Когда я в свою очередь доложил о развитии обстановки на моем фронте и при этом детально обосновал необходимость перенесения линии фронта к Западной Двине, меня внезапно перебил Геринг. «Если бы концентрация сил русских перед южным крылом группы армий "Север" фактически соответствовала характеристике, данной генералом Фриснером, — заявил он, — мои воздушные разведчики, несомненно, уже давно бы доложили об этом». Короче говоря, Геринг хотел преуменьшить опасность, как это он уже неоднократно делал раньше. Я весьма энергично возражал против сомнений в достоверности моего доклада. Ведь, в конце концов, мои сведения о группировке сил противника в значительной части основывались на донесениях 1-го воздушного флота, которым командовал опытный и энергичный генерал Пфлюгбейль, тесно сотрудничавший со мной. Гитлер тоже вмешался и поддержал меня, признав мою правоту.
Малоутешительным итогом этой беседы было выделение для моей группы войск «заградительного отряда», который должен был воспрепятствовать прорыву противника на Ригу через «брешь в вермахте», как выразился Гитлер.
Во время разбора обстановки между гаулейтером Кохом и фельдмаршалом Моделем произошел бурный словесный поединок. Кох доложил о строительстве укрепленных оборонительных рубежей в Восточной Пруссии, которое он начал без участия военных специалистов, по собственному почину. Фельдмаршал Модель подверг критике совершенно ошибочное расположение укреплений.

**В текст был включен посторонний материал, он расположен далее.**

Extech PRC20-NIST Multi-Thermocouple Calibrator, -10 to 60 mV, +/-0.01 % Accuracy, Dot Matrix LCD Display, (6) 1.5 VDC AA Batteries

Этот спор в конце концов был улажен Гитлером.
Обстановка на фронте группы армий «Север» на 23 июля 1944 года
Возвратившись в тот же день на фронт, я увидел, что положение нисколько не улучшилось. Противник вел по всему фронту непрерывные атаки далеко превосходящими силами. Главные силы 43-й советской армии подошли к редким позициям боевого охранения нашего растянутого и фактически оголенного южного крыла. Широкая брешь между 3-й танковой армией и войсками южного крыла группы армий «Север» по-прежнему оставалась открытой. Никакой помощи в течение нескольких последующих дней нам оказано не было, и я снова (уже в который раз!) решил доложить Гитлеру, что никаких средств для предотвращения прорывов, не говоря уже о подавлении противника, у меня нет. Окружение группы армий было, по всей видимости, вопросом нескольких дней или недель. Я сослался на свой меморандум от 12 июля.